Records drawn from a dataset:
● ● ● ● ●

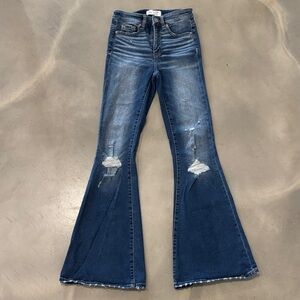 BKE Distressed Flare Jeans in Deep Blue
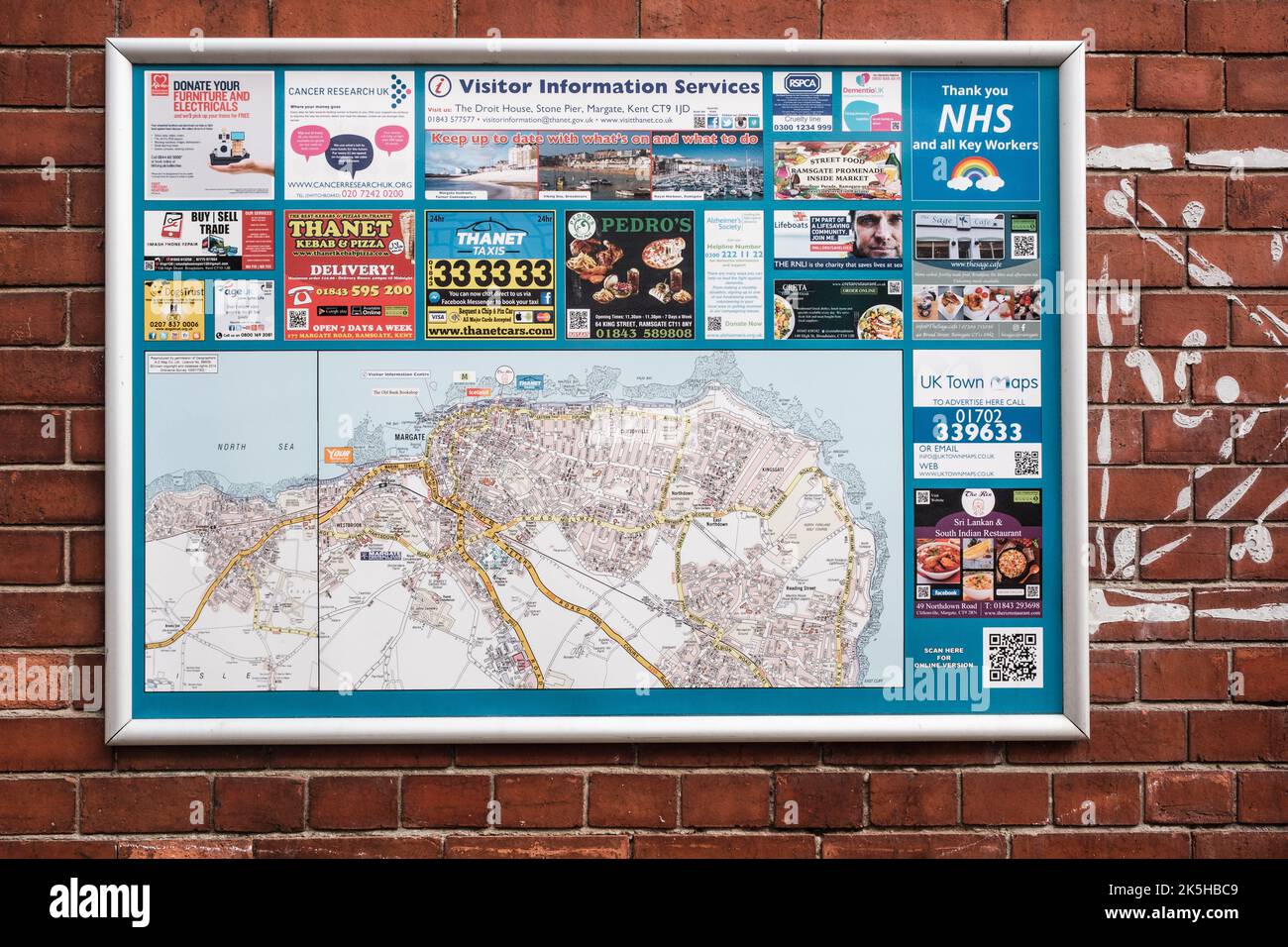 Öffentliche Besucherinformationen Karte, Margate, Kent, Großbritannien Stockfoto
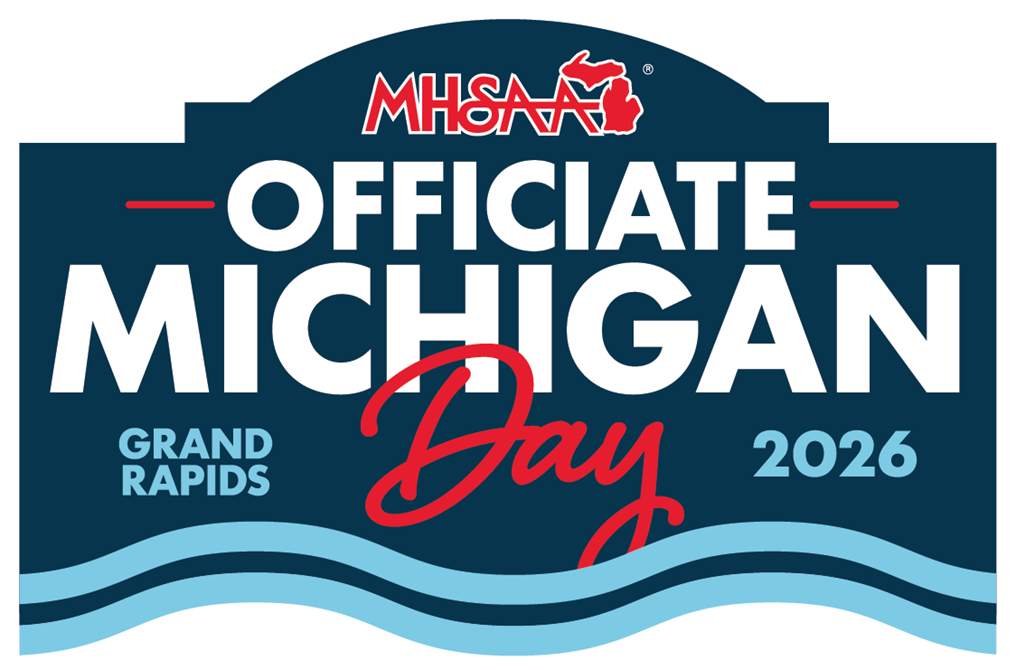 This is the Officiate Michigan Day logo and includes the year 2026 and location, Grand Rapids.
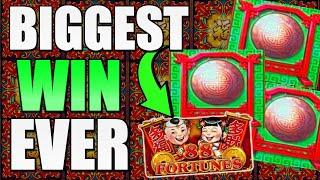 OMG!! I DESTROYED 88 FORTUNES!! MY BIGGEST WIN EVER WITH 4 HANDPAY JACKPOTS!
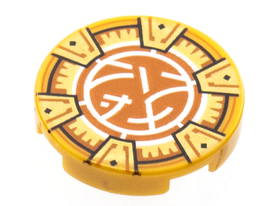 LEGO® onderdeel Tegel Rond met Motief Parel Goud 14769pb501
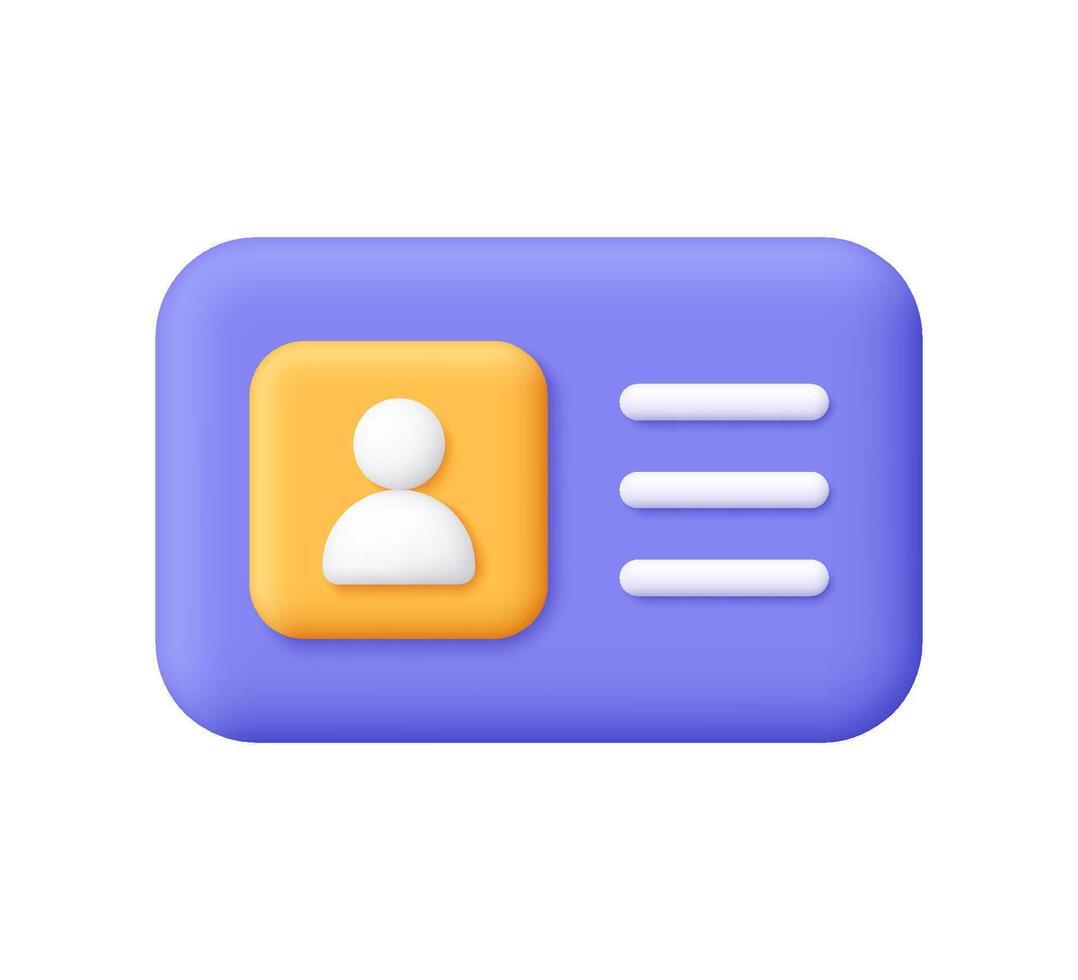 Purple Id card, identity badge, driver license with user profile icon. Business, security, identity, authentication and employee badges concept. 3d icon. Cartoon minimal style. vector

● ● ● ● ●

REQUIRED ACTION: Copy out the data above exactly, except the pictures.

TASK RESULT:
 BKE Distressed Flare Jeans in Deep Blue
 Öffentliche Besucherinformationen Karte, Margate, Kent, Großbritannien Stockfoto
 This is the Officiate Michigan Day logo and includes the year 2026 and location, Grand Rapids.
 OMG!! I DESTROYED 88 FORTUNES!! MY BIGGEST WIN EVER WITH 4 HANDPAY JACKPOTS!
 LEGO® onderdeel Tegel Rond met Motief Parel Goud 14769pb501
 Purple Id card, identity badge, driver license with user profile icon. Business, security, identity, authentication and employee badges concept. 3d icon. Cartoon minimal style. vector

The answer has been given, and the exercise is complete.